══ The data

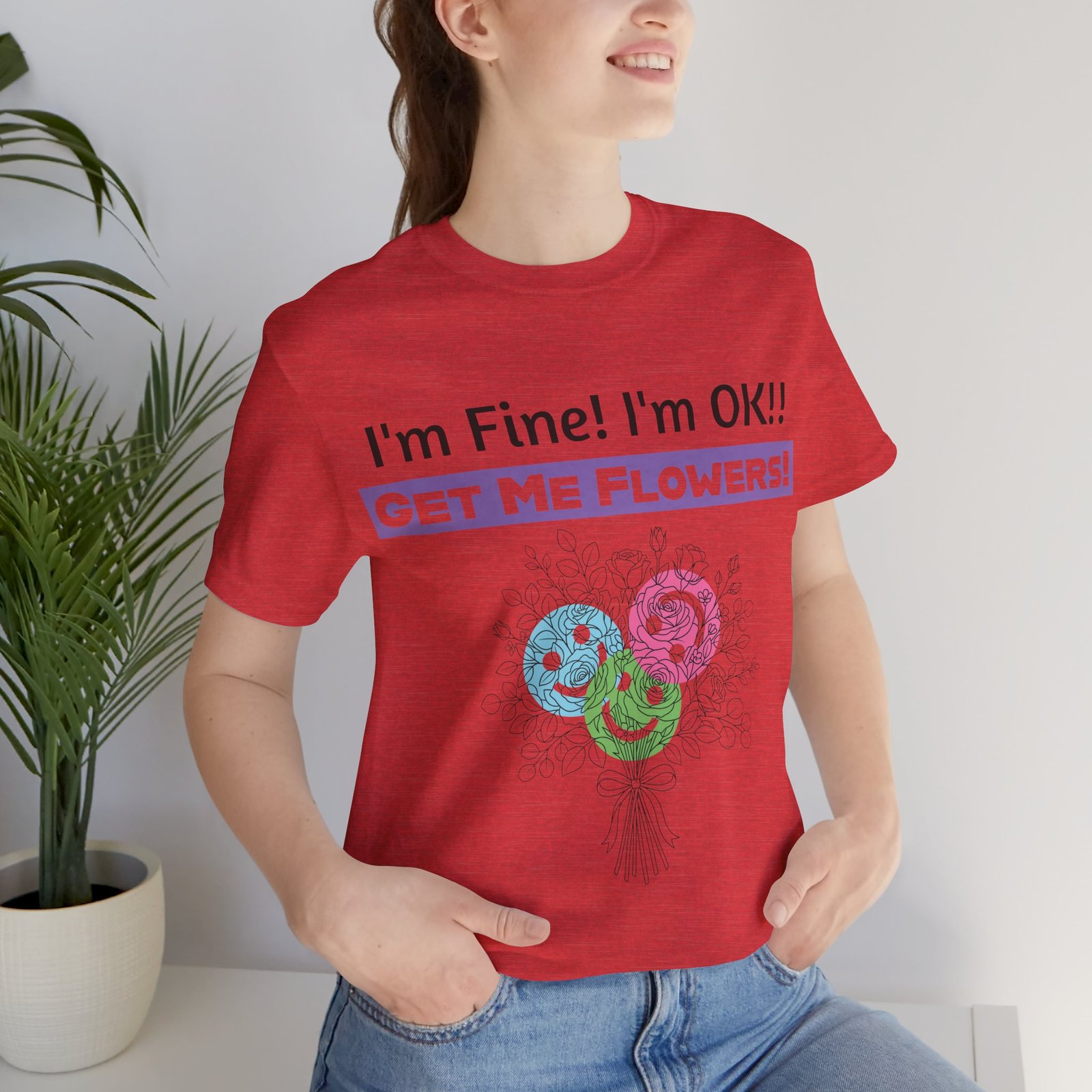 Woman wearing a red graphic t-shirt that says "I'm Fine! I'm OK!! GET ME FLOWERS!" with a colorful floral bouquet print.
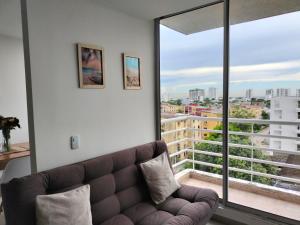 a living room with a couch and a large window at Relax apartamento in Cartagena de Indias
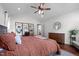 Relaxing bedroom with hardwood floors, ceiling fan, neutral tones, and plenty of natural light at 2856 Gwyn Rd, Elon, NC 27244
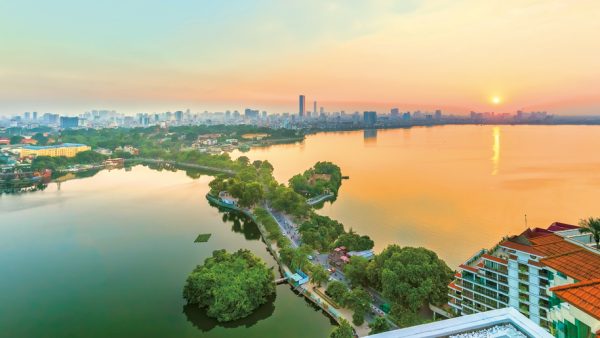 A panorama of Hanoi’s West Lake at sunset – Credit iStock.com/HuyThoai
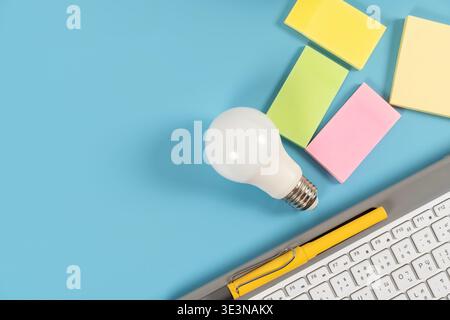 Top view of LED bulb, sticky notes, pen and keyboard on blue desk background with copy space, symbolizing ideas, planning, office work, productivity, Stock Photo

════

Exercise directions = Only the records, copied exactly and without pictures, should make up the answer.

The answer =
 Woman wearing a red graphic t-shirt that says "I'm Fine! I'm OK!! GET ME FLOWERS!" with a colorful floral bouquet print.
 a living room with a couch and a large window at Relax apartamento in Cartagena de Indias
 Relaxing bedroom with hardwood floors, ceiling fan, neutral tones, and plenty of natural light at 2856 Gwyn Rd, Elon, NC 27244
 A panorama of Hanoi’s West Lake at sunset – Credit iStock.com/HuyThoai
 Top view of LED bulb, sticky notes, pen and keyboard on blue desk background with copy space, symbolizing ideas, planning, office work, productivity, Stock Photo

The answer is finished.